What you are asked to do: When you find the line with "Framed Surreal Cityscape" among the records below, reproduce it and each line after it exactly, ending with the line with "Genuine Joe Lobby".

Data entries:

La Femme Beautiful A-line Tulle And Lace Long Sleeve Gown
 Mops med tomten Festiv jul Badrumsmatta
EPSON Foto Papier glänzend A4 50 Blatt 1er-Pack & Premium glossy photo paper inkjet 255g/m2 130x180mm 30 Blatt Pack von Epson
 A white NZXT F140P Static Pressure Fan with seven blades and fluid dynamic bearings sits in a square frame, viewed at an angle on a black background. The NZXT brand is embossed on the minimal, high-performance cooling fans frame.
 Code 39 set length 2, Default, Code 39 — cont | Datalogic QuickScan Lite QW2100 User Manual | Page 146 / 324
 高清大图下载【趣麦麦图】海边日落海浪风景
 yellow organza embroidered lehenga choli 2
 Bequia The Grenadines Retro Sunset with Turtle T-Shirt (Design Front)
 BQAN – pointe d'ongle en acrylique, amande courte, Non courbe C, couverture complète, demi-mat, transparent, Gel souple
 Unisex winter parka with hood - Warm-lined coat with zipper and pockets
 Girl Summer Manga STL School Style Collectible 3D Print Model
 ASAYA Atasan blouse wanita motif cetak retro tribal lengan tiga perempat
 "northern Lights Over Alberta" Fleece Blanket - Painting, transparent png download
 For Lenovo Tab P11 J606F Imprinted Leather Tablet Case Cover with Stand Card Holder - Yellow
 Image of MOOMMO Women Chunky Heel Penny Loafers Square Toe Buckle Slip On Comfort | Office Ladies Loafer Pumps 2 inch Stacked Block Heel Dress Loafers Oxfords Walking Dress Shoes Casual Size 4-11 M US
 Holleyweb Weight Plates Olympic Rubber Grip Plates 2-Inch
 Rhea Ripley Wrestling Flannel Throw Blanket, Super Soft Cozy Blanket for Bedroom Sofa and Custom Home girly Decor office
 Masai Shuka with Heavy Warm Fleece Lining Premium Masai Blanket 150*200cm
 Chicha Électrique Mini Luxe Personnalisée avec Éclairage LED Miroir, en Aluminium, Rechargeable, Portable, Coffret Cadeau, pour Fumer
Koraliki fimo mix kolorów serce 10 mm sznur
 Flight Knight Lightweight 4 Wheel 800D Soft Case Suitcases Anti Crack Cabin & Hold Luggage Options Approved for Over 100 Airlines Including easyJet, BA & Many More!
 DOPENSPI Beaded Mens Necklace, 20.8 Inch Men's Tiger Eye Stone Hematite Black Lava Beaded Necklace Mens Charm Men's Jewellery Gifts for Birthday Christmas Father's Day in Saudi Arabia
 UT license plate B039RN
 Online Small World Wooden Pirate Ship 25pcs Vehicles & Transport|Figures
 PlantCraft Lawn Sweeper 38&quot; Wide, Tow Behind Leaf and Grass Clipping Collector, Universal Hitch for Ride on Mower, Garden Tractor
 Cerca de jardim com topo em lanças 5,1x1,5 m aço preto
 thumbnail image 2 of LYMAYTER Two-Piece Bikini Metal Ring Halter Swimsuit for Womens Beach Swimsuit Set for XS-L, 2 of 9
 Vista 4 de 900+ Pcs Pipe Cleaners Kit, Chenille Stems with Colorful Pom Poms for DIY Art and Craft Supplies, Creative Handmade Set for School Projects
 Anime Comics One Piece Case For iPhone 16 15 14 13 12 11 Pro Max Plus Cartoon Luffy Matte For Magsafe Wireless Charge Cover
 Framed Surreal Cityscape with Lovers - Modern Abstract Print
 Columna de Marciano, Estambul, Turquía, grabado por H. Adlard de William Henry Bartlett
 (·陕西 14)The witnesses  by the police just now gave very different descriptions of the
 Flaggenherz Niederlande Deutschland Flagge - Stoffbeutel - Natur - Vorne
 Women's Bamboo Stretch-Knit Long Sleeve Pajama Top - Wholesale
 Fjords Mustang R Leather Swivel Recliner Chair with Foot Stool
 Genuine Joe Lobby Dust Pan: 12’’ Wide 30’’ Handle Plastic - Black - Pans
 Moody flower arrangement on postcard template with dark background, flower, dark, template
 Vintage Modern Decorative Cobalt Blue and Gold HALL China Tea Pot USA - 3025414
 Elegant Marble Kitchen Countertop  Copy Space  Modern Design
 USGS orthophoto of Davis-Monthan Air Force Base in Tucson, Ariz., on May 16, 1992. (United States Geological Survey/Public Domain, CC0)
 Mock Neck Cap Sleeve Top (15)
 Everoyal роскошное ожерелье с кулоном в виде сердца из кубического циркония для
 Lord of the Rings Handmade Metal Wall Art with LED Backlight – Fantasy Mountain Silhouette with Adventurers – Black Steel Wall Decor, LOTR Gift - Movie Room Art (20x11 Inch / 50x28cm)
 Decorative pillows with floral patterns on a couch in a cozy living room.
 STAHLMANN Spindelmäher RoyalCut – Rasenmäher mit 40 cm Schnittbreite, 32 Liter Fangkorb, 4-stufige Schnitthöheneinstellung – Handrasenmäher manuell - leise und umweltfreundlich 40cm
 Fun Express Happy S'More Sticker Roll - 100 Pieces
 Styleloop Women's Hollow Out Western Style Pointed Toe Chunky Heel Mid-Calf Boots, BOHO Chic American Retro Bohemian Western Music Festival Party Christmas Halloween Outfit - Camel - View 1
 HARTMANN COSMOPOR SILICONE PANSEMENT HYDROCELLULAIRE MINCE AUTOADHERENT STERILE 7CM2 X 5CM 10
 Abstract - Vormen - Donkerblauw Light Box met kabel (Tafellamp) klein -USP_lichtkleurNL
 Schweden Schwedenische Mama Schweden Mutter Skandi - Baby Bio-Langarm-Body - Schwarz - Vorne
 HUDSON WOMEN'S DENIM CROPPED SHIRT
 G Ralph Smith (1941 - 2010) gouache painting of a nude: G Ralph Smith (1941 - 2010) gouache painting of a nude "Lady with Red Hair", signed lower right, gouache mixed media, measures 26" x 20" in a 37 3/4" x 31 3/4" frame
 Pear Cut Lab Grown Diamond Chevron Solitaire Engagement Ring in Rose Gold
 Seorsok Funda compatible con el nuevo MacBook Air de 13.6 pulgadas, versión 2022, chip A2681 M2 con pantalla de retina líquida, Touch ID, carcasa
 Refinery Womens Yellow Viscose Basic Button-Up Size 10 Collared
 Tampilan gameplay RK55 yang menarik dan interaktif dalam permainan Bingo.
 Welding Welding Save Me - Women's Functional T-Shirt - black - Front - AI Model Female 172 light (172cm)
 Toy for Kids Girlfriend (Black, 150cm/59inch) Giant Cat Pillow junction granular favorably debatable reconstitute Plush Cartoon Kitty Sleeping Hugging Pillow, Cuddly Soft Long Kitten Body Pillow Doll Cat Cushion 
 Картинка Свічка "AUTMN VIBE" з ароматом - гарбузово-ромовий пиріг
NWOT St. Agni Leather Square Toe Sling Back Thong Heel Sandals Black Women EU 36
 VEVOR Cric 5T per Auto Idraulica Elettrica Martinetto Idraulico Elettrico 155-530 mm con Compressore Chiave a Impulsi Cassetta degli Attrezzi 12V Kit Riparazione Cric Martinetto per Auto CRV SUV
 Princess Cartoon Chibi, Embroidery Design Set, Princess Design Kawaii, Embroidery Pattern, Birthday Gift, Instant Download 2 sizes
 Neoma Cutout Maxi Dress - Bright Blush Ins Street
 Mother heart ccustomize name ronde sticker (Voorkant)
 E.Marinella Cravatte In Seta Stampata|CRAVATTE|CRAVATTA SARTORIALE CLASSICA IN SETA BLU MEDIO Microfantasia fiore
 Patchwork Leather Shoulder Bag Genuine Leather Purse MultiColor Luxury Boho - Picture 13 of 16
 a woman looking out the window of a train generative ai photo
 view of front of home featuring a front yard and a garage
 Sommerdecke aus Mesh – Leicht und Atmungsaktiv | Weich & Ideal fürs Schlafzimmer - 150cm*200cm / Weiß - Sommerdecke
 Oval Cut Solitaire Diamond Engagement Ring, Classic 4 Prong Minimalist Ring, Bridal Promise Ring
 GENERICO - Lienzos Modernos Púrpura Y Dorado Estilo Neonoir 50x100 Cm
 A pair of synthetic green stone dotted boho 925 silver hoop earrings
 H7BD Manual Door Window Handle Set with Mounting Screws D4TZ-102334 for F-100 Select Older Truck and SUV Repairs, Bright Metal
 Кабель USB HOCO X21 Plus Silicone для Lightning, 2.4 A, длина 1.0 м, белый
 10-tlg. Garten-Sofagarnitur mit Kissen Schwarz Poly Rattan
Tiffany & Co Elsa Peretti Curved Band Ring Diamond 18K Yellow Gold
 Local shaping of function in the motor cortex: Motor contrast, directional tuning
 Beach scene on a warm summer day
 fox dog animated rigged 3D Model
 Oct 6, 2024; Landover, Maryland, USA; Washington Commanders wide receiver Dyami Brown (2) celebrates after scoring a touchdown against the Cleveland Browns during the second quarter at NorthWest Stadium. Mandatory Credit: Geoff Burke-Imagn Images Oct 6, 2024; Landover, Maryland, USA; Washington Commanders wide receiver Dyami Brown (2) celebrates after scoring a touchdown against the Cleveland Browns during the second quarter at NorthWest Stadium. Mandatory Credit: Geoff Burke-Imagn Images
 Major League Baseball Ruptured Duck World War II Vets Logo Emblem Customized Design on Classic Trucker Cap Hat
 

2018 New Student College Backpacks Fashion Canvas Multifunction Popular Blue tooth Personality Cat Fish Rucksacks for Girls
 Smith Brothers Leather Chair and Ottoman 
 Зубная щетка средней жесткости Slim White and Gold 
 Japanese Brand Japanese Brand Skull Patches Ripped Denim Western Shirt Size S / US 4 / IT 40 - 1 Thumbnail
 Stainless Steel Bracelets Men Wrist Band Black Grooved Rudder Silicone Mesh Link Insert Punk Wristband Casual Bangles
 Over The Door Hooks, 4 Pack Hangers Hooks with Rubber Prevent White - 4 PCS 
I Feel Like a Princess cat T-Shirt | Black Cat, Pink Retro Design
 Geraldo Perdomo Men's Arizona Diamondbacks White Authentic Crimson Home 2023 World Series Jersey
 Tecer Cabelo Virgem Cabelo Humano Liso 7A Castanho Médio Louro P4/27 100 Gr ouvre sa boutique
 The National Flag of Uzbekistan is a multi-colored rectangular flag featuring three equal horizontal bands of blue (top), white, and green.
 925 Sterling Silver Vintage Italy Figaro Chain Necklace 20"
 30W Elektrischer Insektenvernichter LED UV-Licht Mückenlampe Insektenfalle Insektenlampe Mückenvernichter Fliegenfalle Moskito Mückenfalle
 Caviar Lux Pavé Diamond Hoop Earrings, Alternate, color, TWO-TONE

Solved problem:
 Framed Surreal Cityscape with Lovers - Modern Abstract Print
 Columna de Marciano, Estambul, Turquía, grabado por H. Adlard de William Henry Bartlett
 (·陕西 14)The witnesses  by the police just now gave very different descriptions of the
 Flaggenherz Niederlande Deutschland Flagge - Stoffbeutel - Natur - Vorne
 Women's Bamboo Stretch-Knit Long Sleeve Pajama Top - Wholesale
 Fjords Mustang R Leather Swivel Recliner Chair with Foot Stool
 Genuine Joe Lobby Dust Pan: 12’’ Wide 30’’ Handle Plastic - Black - Pans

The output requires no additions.